● **What this task involves**
Where "near" occurs in a line of the entries below, copy that line.

● **Scraped caption text data**
□ □ □ □

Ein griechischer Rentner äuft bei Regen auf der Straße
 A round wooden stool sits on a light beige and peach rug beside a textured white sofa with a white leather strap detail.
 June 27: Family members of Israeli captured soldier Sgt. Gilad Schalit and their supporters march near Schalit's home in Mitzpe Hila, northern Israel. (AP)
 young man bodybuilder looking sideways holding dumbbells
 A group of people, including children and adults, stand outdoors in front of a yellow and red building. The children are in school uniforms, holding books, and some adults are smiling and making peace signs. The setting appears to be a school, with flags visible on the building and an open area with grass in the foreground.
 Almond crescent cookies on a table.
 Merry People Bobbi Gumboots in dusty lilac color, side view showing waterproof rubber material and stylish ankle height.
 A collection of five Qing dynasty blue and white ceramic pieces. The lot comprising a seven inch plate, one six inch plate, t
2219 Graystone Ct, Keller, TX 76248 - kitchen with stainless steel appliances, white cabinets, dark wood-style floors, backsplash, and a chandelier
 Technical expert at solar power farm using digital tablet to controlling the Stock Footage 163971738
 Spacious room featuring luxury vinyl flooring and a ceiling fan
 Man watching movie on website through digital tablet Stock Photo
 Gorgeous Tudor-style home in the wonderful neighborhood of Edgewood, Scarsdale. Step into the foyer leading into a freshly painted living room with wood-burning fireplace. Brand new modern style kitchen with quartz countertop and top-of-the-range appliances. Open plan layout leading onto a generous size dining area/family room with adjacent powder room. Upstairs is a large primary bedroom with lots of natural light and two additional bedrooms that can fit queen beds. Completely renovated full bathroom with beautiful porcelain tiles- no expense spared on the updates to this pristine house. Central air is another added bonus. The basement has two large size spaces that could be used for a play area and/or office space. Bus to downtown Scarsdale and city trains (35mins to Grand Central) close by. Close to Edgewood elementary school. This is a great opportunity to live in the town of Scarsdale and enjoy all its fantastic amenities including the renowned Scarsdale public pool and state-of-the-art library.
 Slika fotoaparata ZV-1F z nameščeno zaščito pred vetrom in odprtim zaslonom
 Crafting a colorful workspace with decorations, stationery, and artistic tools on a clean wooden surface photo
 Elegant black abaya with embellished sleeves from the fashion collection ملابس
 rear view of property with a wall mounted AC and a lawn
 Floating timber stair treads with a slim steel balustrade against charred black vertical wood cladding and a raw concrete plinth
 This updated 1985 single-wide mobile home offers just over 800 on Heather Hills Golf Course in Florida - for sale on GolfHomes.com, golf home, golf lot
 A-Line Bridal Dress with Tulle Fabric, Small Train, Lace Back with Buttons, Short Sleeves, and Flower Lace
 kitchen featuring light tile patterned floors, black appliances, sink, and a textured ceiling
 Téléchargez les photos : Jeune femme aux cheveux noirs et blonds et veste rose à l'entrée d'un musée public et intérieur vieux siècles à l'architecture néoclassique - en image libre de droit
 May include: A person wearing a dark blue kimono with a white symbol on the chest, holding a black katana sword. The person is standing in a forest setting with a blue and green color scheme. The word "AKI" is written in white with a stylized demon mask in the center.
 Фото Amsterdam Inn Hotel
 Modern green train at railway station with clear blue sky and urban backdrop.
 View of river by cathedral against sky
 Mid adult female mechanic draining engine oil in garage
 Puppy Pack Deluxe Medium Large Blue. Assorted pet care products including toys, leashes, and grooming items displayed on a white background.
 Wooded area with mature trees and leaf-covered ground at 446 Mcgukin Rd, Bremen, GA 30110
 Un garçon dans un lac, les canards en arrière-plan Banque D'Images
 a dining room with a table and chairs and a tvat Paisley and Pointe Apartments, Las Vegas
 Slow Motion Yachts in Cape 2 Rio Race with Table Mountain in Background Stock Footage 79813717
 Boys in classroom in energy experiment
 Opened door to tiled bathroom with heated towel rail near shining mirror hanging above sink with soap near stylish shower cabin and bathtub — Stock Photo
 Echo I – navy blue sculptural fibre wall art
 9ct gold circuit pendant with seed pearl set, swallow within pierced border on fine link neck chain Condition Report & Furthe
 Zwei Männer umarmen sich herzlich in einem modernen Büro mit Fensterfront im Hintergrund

□ □ □ □

● **Answer area**
 June 27: Family members of Israeli captured soldier Sgt. Gilad Schalit and their supporters march near Schalit's home in Mitzpe Hila, northern Israel. (AP)
 Opened door to tiled bathroom with heated towel rail near shining mirror hanging above sink with soap near stylish shower cabin and bathtub — Stock Photo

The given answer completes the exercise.